Now, though, a legal wild card has been injected into his case and 
those of several other defendants in California and Washington state.

In December, in a little-publicized amendment to the 2015 
appropriations bill that one legal scholar called a "buried land 
mine," Congress barred the Justice Department from spending any money 
to prevent states from "implementing their own state laws that 
authorize the use, distribution, possession, or cultivation of 
medical marijuana."

In the most advanced test of the law yet, Lynch's lawyers have asked 
the 9th U.S. Circuit Court of Appeals, which includes Hawaii, to 
"direct the DOJ to cease spending funds on the case." In a filing 
late last month, they argued that federal officials continuing to 
work on his prosecution "would be committing criminal acts."

But the Justice Department strongly disagrees, asserting that the 
amendment does not undercut its power to enforce federal drug law. It 
says that the amendment only bars federal agencies from interfering 
with state efforts to carry out medical marijuana laws, and that it 
does not preclude criminal prosecutions for violations of the 
Controlled Substances Act.

With the new challenge raised in several cases, federal judges will 
have to weigh in soon, opening a new arena in a legal field already 
rife with contradiction and paradox.
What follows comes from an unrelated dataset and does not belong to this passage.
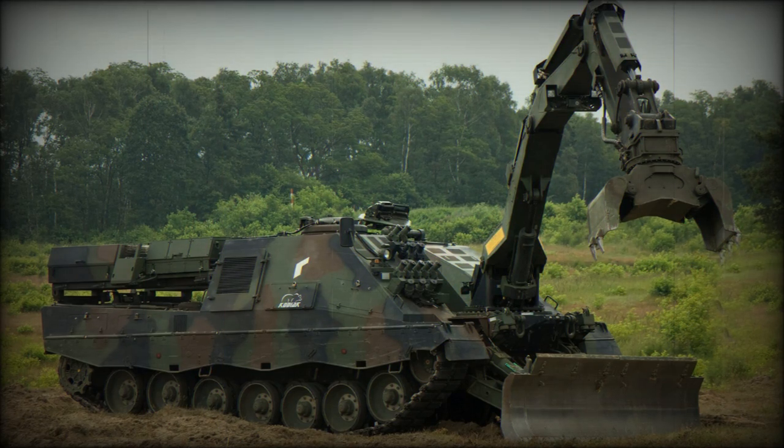The Pioneer Panzer III Kodiak armored engineer vehicle was developed from 2002 by Rinn Mietel of Germany and RUAG of Switzerland as a private venture to meet the operational requirements of the Swiss Army. The first prototype was revealed in 2003.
At latest count, 23 states plus 
the District of Columbia permit medical marijuana. Four states have 
authorized recreational sales as well.

"If any court, especially the 9th Circuit, declares that the 
provision precludes federal prosecution of state-compliant 
individuals, this will be huge," said Douglas A. Berman, a professor 
at the Moritz College of Law at Ohio State University and editor of 
the Marijuana Law, Policy & Reform blog.

Such a ruling could put federal courts in the odd position of 
determining "when a state actor is complying with state law," said 
Berman, who used the metaphor of a buried land mine.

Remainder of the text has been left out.